To study the immunoreactivity genes in a heterogeneous human population needs a large number of individuals. Associations between HLA antigens and immunoresponse to viral or bacterial antigens have been studied with controversial results. As a homogeneous population, the MHC class I, II and III allele distribution was studied in 153 end-stage renal disease patients (ESRD, average duration of renal replacement: 8.2 + 5.1 years) immunized with a recombinant hepatitis B vaccine in accordance to the standard vaccination schedule. Thirty-four patients with an antibody titre of less than 10 U/l following the last booster injection were considered as non-responders while 119 patients with antibody titre equal to or more than 10 U/l were considered as responders. The responder group was divided into two subgroups: low responders (antibody titre: < or = 1000 U/l) and high responders (antibody titre: > 1000 U/1). Marked differences were observed between responders and non-responders in the occurrence of carriers of different MHC class I, II and III alleles.

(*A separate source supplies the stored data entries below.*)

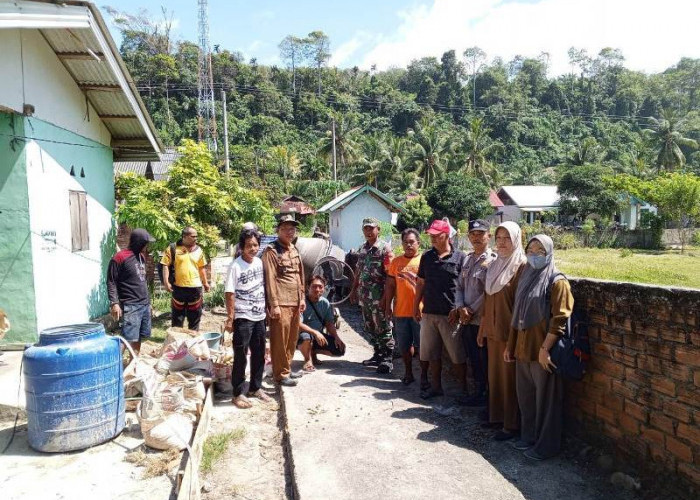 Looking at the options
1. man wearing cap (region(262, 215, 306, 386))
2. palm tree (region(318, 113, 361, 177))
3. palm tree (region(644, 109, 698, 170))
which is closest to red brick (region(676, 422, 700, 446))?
man wearing cap (region(262, 215, 306, 386))

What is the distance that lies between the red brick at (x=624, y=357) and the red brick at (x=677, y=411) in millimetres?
325

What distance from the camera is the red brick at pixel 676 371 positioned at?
302cm

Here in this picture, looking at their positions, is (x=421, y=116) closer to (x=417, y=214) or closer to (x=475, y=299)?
(x=417, y=214)

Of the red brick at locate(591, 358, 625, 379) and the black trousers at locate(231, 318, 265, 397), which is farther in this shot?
the black trousers at locate(231, 318, 265, 397)

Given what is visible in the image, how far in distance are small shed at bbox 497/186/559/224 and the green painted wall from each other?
38.1 m

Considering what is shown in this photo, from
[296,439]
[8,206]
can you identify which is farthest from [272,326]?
[8,206]

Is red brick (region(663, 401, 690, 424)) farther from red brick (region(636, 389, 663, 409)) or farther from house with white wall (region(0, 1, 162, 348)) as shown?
house with white wall (region(0, 1, 162, 348))

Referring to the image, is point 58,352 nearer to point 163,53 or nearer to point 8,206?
point 8,206

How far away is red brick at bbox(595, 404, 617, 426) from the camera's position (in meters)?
3.61

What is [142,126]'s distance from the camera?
8.49 meters

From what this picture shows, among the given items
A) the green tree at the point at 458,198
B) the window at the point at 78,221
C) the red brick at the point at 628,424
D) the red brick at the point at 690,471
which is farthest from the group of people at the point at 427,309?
the green tree at the point at 458,198

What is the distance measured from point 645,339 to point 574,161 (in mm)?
51132

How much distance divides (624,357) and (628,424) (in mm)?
461

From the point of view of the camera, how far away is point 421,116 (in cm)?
7506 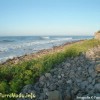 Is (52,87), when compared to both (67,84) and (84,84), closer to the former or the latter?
Result: (67,84)

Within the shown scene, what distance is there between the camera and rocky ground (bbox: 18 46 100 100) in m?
6.27

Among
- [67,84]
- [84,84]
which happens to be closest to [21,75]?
[67,84]

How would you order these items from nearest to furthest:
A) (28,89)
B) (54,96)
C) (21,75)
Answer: (54,96) → (28,89) → (21,75)

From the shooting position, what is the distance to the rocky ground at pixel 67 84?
627 centimetres

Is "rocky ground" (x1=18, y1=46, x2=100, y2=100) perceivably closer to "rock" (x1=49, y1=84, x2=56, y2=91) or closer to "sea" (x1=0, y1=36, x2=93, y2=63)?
"rock" (x1=49, y1=84, x2=56, y2=91)

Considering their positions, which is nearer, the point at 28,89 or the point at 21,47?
the point at 28,89

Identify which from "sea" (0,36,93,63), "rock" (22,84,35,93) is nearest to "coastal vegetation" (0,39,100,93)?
"rock" (22,84,35,93)

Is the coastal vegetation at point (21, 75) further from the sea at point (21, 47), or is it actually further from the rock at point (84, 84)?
the sea at point (21, 47)

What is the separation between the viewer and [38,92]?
23.2 ft

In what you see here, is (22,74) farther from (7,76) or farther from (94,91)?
(94,91)

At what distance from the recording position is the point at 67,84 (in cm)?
720

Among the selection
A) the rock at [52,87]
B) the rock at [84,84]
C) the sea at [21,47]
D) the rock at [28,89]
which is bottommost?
the sea at [21,47]

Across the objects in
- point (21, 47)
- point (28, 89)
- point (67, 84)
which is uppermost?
point (67, 84)

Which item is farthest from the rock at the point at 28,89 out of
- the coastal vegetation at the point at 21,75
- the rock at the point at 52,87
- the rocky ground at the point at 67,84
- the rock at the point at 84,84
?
the rock at the point at 84,84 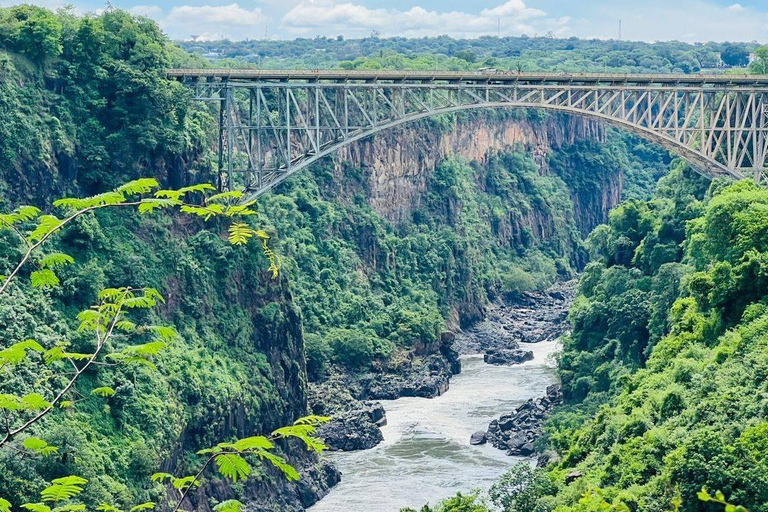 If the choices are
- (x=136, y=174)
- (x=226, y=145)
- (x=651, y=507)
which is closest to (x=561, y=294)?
(x=226, y=145)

Homozygotes for HLA-A1, HLA-B8, HLA-DR3 and HLA-DQ2 were found almost exclusively in the non-responder group and significantly more heterozygotes for these alleles were found in the non-responder group compared to the responders. Similar albeit less marked differences were found in the frequency of some MHC class III alleles (C4A6, C4AQO, BfF, BfS0.7). Within the responder group, carriers of HLA-A2, HLA-B7 and HLA-DR4 were found to be clustered in the low responder sub-group whereas carriers of HLA-A1, HLA-B27, HLA-Cw2, C4A6 and BfF were observed more frequently in the group of high responders. Similar differences were found with extended haplotypes as well. For example, the extended haplotypes HLA-A1, B8, BfS, C4AQO, C4B1, DR3, DQ2 and HLA-A1, B8, BfF, C4A6, C4B2, DR3, DQ2 were present in nine of 34 cases of non-responders but only in one of 119 case of responders (P < 0.000001). These observations indicate that the presence or absence of certain MHC alleles even in heterozygous form determine the responsiveness to hepatitis B vaccination in end-stage renal disease patients, and among responders, the intensity of antibody response is also markedly influence by immunogenetic factors.